• _WHAT IS NEEDED_
All that should be output is the block of lines below from the line with "Tarkett Johnsonite Millwork" to the line with "Skoda Kamiq 1,0 TSi 110 Dynamic DSG 5d", both included, exactly as written.

• _DATA FOR ANALYSIS_
________________________________________

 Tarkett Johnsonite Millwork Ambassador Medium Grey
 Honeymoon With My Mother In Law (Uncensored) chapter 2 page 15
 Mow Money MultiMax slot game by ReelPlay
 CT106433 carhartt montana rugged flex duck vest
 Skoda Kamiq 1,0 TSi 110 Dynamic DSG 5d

________________________________________

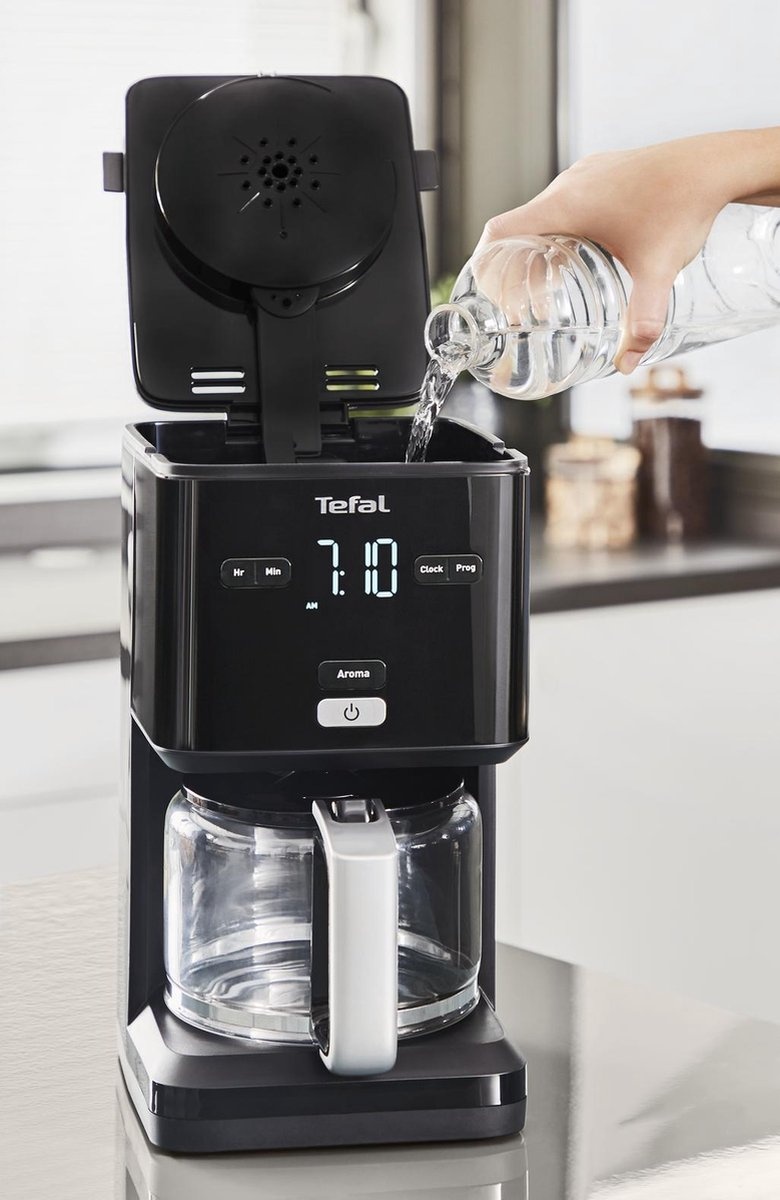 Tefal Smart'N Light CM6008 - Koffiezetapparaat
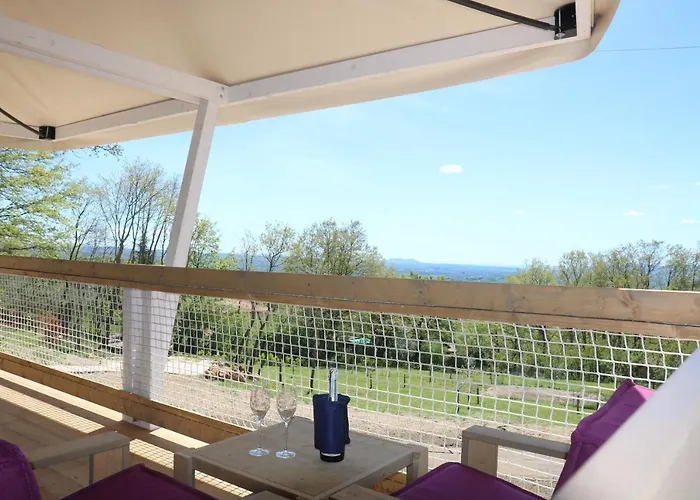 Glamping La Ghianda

________________________________________

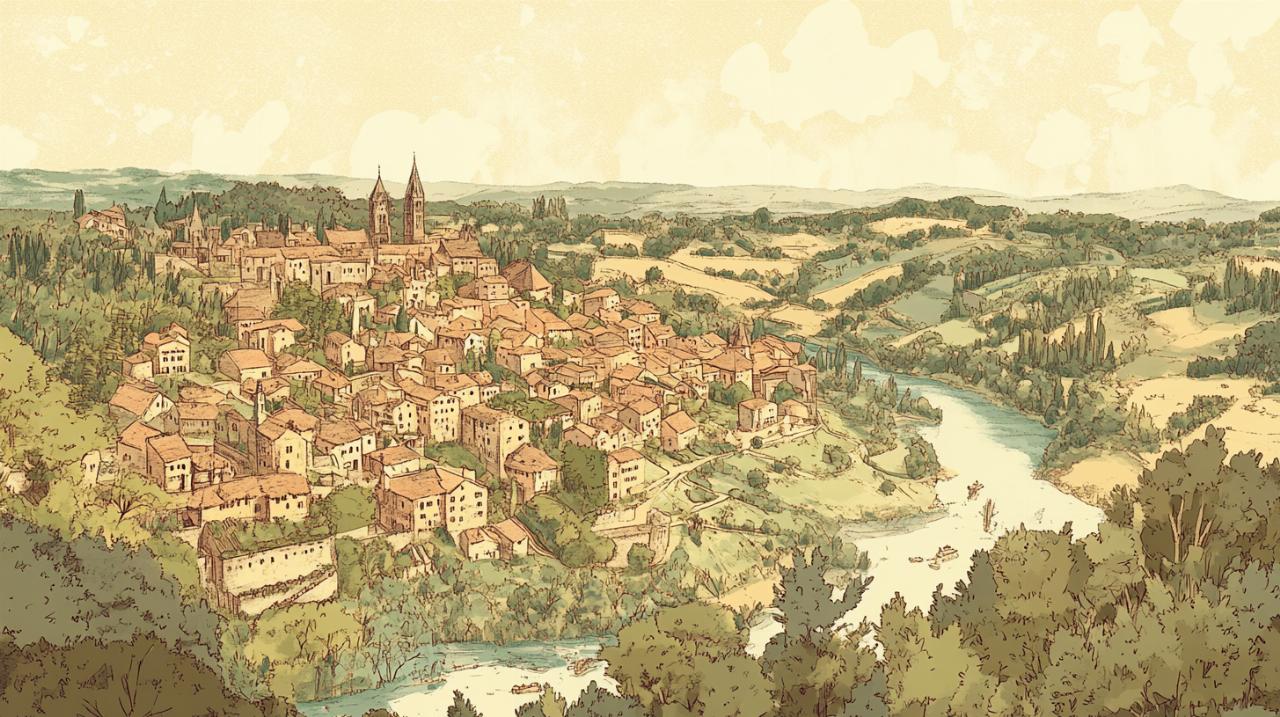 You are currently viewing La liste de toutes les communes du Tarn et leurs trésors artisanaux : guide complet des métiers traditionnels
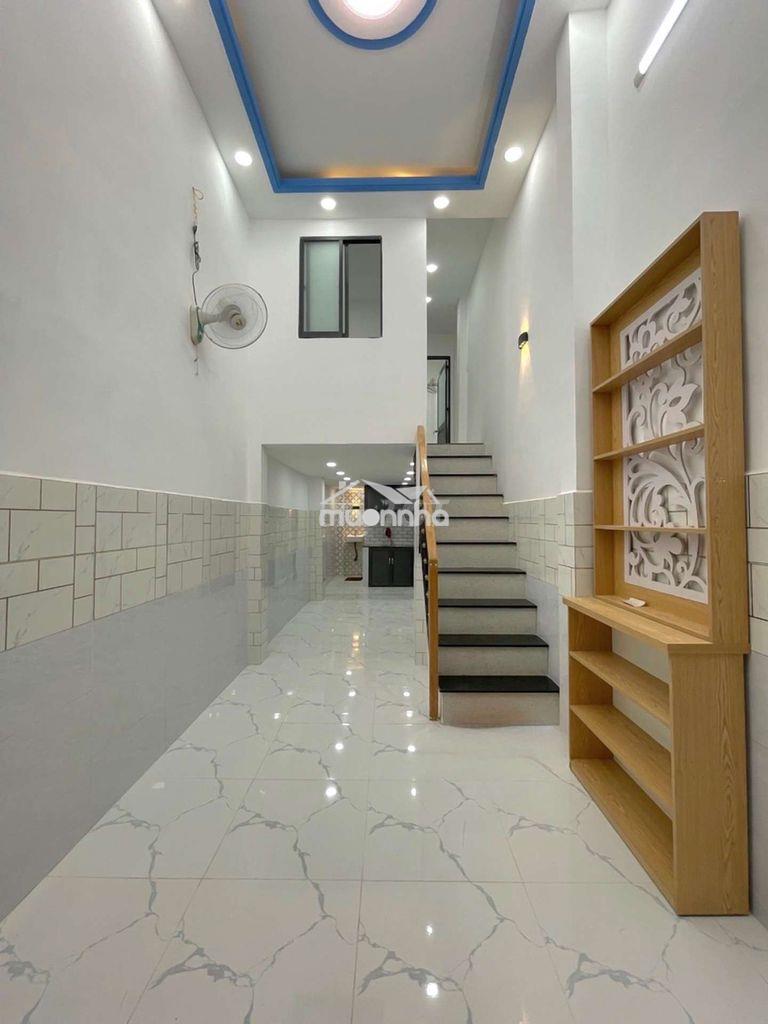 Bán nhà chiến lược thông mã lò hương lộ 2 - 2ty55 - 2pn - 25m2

________________________________________

• _ANSWER BOX_
 Tarkett Johnsonite Millwork Ambassador Medium Grey
 Honeymoon With My Mother In Law (Uncensored) chapter 2 page 15
 Mow Money MultiMax slot game by ReelPlay
 CT106433 carhartt montana rugged flex duck vest
 Skoda Kamiq 1,0 TSi 110 Dynamic DSG 5d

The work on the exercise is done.